I'm a transnational artist/writer. Born and raised in the United States, I have lived in Japan, Hong Kong and Paris. Since 2002, my base has been Singapore. I am writing this from Bali. In the physical world, I am somewhat friendly, but am definitely not one who joins groups. I don't really use social media.
To give you some background...
I Ate Tiong Bahru is a portrait, a lyrical documentary about a place I lived in Singapore.
IATB was self-funded. The cover is stark: just the four word title,written in black letters on a white background. The back cover is completely white. My name isn't on it, there isn't a photo of Tiong Bahru's Art Deco buildings. I didn't ask a famous person for a blurb. For the most part, The Straits Times and other Singaporean media organizations seem to be unaware of IATB.
To give you some background...
The day I "won all of the awards", I hadn't slept for about forty hours. I had arrived in Singapore at 9AM, which meant that I left Bali about 6AM, which meant that I was at the airport about 4 something, which meant that...
The bus stop incident is part of this. At the bus stop, I squeezed an uncooperative container of sunblock. The top shot off covering me with goo. Blobs of white sunscreen dried on my shirt and pants, most of them around my crotch.
My meal of laphet is part of this. After I dropped off my bags, I ran errands. I had to pick something up at Peninsula Plaza. In Peninsula is a food stall that serves the best laphet in Singapore. Laphet is tea leaf salad, a Burmese traditional food. I love it. I ate some, including the many little cloves of garlic. I
The unwanted books are part of this. A book shop (in Tiong Bahru, of all places) decided not to carry IATB. So I was carrying a bag full of my books that had been rejected.The plastic bag that the books were in was becoming frayed and holes were appearing.
And it began raining. I got very wet. I have forgotten to mention that my shoes needed to be replaced.
AND SUDDENLY I WAS AT AN ART OPENING. I had planned to go to the opening AFTER I'd had a nap, a shave and a shower. After I'd put on fresh clothes and bought new shoes. But, one of my errands took me very near the art space and so....

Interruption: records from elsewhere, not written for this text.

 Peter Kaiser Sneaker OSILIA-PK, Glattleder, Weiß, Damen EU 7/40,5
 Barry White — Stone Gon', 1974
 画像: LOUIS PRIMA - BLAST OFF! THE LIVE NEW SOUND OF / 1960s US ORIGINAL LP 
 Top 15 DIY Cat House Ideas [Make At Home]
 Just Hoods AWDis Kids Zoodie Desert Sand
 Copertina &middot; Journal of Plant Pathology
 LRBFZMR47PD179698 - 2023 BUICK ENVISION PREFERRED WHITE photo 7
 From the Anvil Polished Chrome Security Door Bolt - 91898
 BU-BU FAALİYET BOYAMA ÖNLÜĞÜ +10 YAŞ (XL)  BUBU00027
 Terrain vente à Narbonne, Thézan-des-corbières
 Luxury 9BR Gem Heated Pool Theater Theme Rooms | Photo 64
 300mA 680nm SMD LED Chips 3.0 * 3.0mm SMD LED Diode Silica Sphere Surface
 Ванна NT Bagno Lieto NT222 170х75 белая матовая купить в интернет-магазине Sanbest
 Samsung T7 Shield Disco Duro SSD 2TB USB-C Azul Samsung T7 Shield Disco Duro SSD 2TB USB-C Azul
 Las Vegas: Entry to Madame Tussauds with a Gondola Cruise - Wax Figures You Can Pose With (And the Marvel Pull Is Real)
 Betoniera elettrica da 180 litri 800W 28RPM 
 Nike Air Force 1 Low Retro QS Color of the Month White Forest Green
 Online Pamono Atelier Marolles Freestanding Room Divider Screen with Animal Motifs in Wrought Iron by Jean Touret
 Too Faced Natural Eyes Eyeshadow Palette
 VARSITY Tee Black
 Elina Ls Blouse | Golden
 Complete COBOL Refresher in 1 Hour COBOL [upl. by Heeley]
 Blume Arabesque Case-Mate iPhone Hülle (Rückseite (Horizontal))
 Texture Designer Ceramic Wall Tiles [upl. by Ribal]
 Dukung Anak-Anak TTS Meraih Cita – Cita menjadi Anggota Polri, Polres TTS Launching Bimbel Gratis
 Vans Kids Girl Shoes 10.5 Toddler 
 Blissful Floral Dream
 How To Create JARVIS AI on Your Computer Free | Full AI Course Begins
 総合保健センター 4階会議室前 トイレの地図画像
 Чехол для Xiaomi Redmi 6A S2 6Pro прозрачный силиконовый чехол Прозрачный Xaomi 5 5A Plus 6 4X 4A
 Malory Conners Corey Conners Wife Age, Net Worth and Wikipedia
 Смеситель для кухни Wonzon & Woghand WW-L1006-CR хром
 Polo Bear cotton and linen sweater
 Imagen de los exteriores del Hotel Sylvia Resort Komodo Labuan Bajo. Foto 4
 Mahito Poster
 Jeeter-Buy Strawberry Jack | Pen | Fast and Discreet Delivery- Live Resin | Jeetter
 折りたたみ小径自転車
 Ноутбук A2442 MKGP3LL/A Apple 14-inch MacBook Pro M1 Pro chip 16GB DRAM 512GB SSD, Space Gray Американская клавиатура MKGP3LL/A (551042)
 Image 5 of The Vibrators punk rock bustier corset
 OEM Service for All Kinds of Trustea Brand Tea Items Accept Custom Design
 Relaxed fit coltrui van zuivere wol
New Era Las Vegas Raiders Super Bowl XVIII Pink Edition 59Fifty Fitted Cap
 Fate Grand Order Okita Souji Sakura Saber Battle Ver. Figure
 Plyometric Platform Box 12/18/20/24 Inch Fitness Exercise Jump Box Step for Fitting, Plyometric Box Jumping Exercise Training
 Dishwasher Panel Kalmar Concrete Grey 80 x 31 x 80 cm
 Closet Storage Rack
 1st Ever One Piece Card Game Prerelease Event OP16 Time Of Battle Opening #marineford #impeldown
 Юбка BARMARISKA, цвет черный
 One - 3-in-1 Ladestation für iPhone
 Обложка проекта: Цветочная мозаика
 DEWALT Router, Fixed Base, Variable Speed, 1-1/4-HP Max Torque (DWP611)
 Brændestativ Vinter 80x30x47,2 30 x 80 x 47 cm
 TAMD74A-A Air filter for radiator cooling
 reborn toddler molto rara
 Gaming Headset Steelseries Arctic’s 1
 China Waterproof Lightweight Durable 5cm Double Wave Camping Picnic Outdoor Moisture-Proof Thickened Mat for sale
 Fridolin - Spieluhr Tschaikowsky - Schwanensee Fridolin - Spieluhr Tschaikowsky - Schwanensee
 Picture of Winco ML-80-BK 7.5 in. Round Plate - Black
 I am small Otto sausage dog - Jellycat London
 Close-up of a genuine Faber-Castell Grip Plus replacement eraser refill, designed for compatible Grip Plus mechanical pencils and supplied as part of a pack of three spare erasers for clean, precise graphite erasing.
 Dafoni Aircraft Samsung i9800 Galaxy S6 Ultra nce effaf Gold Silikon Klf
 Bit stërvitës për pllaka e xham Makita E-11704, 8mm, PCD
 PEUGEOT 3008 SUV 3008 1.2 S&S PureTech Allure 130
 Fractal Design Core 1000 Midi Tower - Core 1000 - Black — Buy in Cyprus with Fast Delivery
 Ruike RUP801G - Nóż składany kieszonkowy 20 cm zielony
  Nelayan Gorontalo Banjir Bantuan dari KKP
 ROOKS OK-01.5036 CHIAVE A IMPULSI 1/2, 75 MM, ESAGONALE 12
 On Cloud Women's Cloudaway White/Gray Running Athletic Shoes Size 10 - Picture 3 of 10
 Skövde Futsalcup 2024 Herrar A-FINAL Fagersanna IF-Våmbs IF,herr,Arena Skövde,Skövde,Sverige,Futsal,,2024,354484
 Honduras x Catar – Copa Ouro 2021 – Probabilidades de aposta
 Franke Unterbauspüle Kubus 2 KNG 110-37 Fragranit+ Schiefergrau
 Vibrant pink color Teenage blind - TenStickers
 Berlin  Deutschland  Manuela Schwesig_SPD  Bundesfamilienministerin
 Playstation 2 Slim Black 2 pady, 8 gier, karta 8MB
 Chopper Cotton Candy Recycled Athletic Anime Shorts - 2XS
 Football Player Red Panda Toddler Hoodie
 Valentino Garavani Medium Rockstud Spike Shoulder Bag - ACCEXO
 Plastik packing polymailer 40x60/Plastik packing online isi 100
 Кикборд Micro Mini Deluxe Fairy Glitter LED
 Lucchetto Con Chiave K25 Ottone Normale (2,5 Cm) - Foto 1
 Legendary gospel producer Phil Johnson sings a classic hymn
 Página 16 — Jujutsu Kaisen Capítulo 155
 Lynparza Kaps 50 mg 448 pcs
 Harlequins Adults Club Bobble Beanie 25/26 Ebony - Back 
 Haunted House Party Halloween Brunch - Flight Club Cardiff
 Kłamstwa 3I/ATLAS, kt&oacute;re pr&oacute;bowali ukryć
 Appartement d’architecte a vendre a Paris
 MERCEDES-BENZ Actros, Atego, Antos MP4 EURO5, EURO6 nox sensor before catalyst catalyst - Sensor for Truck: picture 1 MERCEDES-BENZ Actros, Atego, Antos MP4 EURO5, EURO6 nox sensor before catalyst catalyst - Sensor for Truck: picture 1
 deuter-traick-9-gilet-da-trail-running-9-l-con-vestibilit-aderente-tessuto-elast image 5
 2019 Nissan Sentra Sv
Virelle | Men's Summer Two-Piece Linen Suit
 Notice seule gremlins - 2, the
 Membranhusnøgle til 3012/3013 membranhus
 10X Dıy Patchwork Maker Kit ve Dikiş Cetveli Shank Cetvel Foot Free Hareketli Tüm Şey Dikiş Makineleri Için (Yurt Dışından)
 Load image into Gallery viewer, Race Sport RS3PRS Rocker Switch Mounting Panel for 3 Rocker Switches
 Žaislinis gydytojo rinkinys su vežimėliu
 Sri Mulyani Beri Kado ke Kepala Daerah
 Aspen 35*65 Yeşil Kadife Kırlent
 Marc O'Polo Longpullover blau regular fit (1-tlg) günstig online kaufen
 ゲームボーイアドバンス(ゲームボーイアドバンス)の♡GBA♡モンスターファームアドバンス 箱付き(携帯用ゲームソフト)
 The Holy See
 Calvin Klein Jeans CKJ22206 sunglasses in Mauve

I went and I was welcomed. Not just welcomed, but treated like a celebrity! (I have never, ever wanted to be a celebrity, let me make that clear.) Attractive, intelligent women wanted to be photographed with me! Handsome, successful men looked me in the eye, shook my hand and listened to me! I was given wine and special curry puffs and a very good otah-otah!
This is what I mean by "winning awards!"
I am sharing this because the excitement was real. Genuine.I Ate Tiong Bahru, and the writing within it, had connected with people. Those people were interested in me not because of where I had gone to school, not because of my sexuality, not because of advertising or FB "likes", not because I'd been endorsed by the media, not because I was in the right clique, not because we were in a slick art space or trendy book store etc. etc... My clothes and shoes were wet. The rain made my hair look like a mop. I resembled a homeless person(in more ways than I care to admit), but the words in my book had been perceived as having value. IATB was referred to as an "icon"!
The next day, I was at the Tiong Bahru market from 7AM to 2 PM. Then I was Booktique, from 3-7. Again, I was overwhelmed. A woman living in Tiong Bahru told me that she read the book to her son! And she wanted two more copies! I smiled and thanked her, but inside I was close to tears. Other people also came up to talk about their experiences with the book.
Another thing you should know I that I do not write to please the reader. I write to challenge the reader, albeit in a caring and thoughtful way. IATB is not" feel good nostalgia".
So the weekend was unforgettable. No red carpets, none of the "friends" that always appear at openings and book launches, no reviews in influential media...just that indescribable feeling that occurs when a genuine, heartful connection has been made.